INSTRUCTIONS TO FOLLOW:
Print the entire listing below word for word, excluding its pictures.

AVAILABLE DATA:
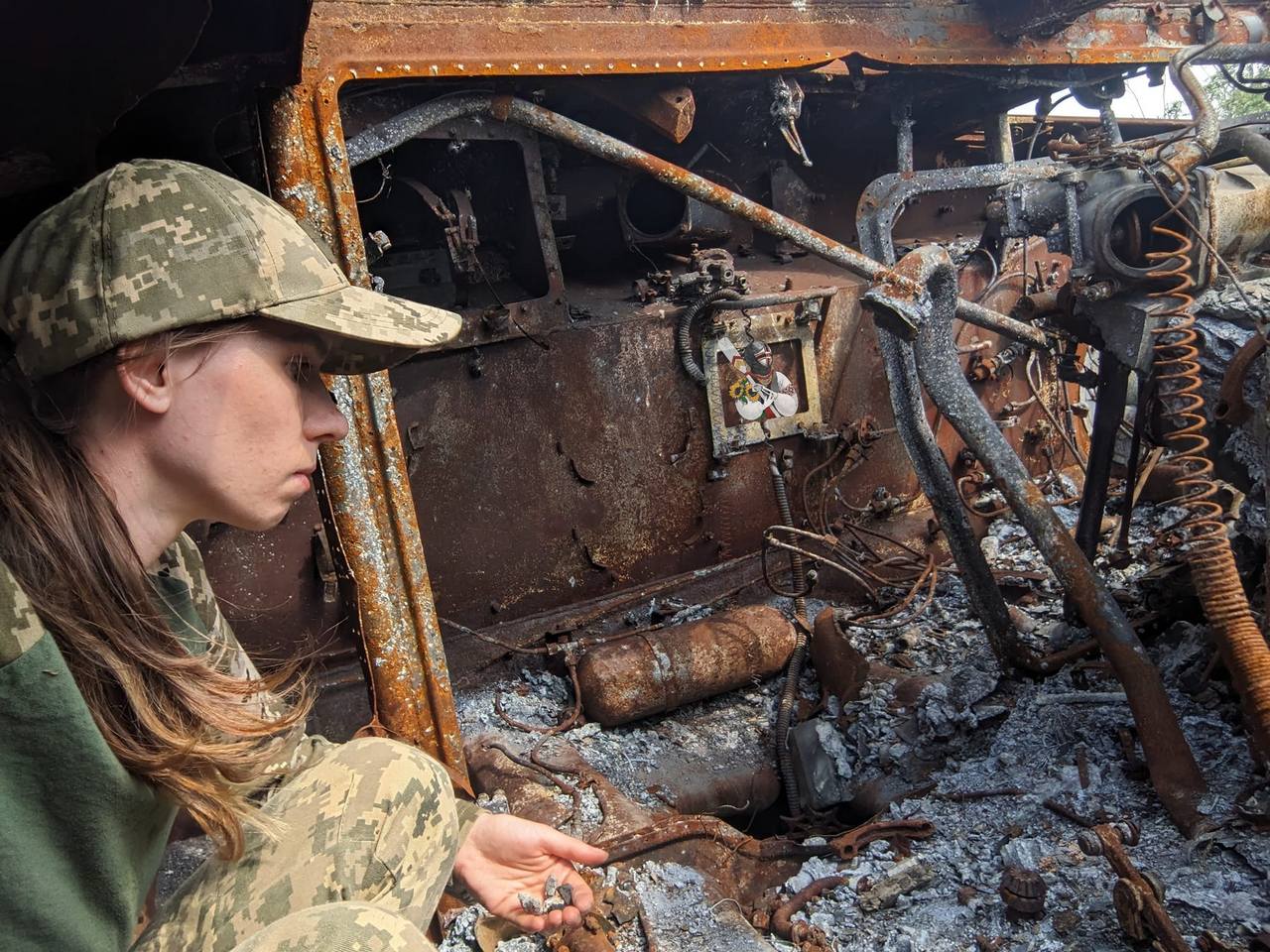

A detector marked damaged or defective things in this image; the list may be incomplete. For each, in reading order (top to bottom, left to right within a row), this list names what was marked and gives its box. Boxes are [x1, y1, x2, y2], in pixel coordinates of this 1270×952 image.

rusted metal beam [262, 89, 472, 791]
rusty pipe [576, 606, 792, 726]
rusty pipe [342, 93, 1046, 350]
rusty pipe [863, 243, 1208, 832]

SOLUTION TO THE EXERCISE:
A detector marked damaged or defective things in this image; the list may be incomplete. For each, in reading order (top to bottom, left to right within a row), this list names what was marked and gives its box. Boxes are [x1, y1, x2, y2], in pixel coordinates of this 1270×952 image.

rusted metal beam [262, 89, 472, 791]
rusty pipe [576, 606, 792, 726]
rusty pipe [342, 93, 1046, 350]
rusty pipe [863, 243, 1208, 832]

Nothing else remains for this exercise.